確かに安室さんには合鍵を渡してあったのだが、私がいない間に部屋にいたのはこれが初めてだったからだ。

「先にシャワー浴びて来て下さい。その間に夕食の用意をしておきますから」

「あ、ありがとうございます」

これって、立場が逆じゃないだろうか。
いや、とても嬉しいのだけれども。
何しろ突然のことなので、戸惑いのほうが大きい。

ハミングをしながらキッチンで何やら作っている安室さんが気になったものの、私は言われた通りに着替えを手にバスルームに向かった。

シャワーを浴びるとほっとした。
知らない間に疲労が溜まっていたようだ。
そうだよね。

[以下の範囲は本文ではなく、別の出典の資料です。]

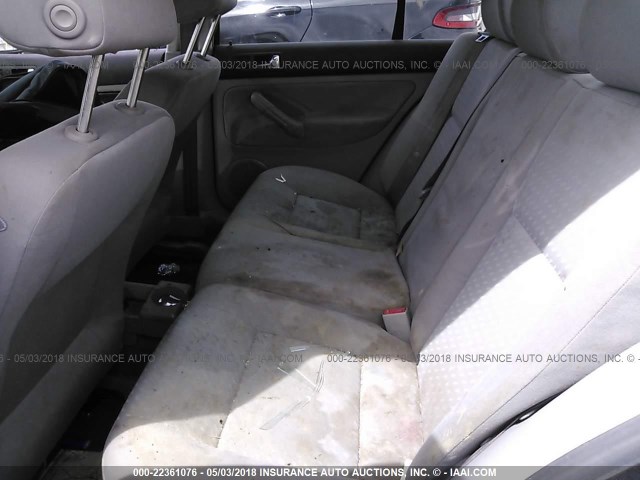 3VWRK69M44M045405 - 2004 VOLKSWAGEN JETTA GL BLACK photo 8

月曜日だし。
一週間の始まりはこんなものかもしれない。

「さっぱりしましたか?」

「はい、もう大丈夫です」

バスルームから出ると、既にテーブルには出来立ての料理が並んでいた。
キュウリとレタスの上に乗っているのは冷しゃぶだ。胡麻垂れがかけてあってとても美味しそうだった。

「顔色も少し良くなったみたいで安心しました」

安室さんが優しく微笑んで言った。

「月曜日はいつも憂鬱だと言っていたので心配していたんです」

「すみません、心配かけてしまって」

「いいんですよ。恋人なんですから、貴女を気遣うのは当然のことです」

さあ、食べましょうと促されて食卓につく。

「いただきます」

「いただきます」

二人で一緒に食べ始める。
安室さんが作った料理はどれも見た目通りとても美味しかった。

いまは食べ終えて食休みの最中だ。
安室さんが淹れてくれたアイスティーを飲みながら、まったりと過ごす幸せな時間。

安室さんはシャワーを浴びている。

この後どうなるかなんて言うまでもない。

バスルームのドアが開く音。
洗面所で動いている気配があって、少しして安室さんが戻って来た。

「シャワーありがとうございました」

まばゆい太陽の光そのもののようなキラキラ光る金髪に、海の青と空の蒼を映し込んだような瞳。
そして、健康的な褐色の肌。
エキゾチックな夏の化身が目の前に立っていた。
美しい。
眩しい。

「ベッドに行きましょうか」

上半身裸のままで肩にタオルを引っかけた安室さんに艶を含んだ笑みを向けられて、私はただこくこくと頷くことしか出来なかった。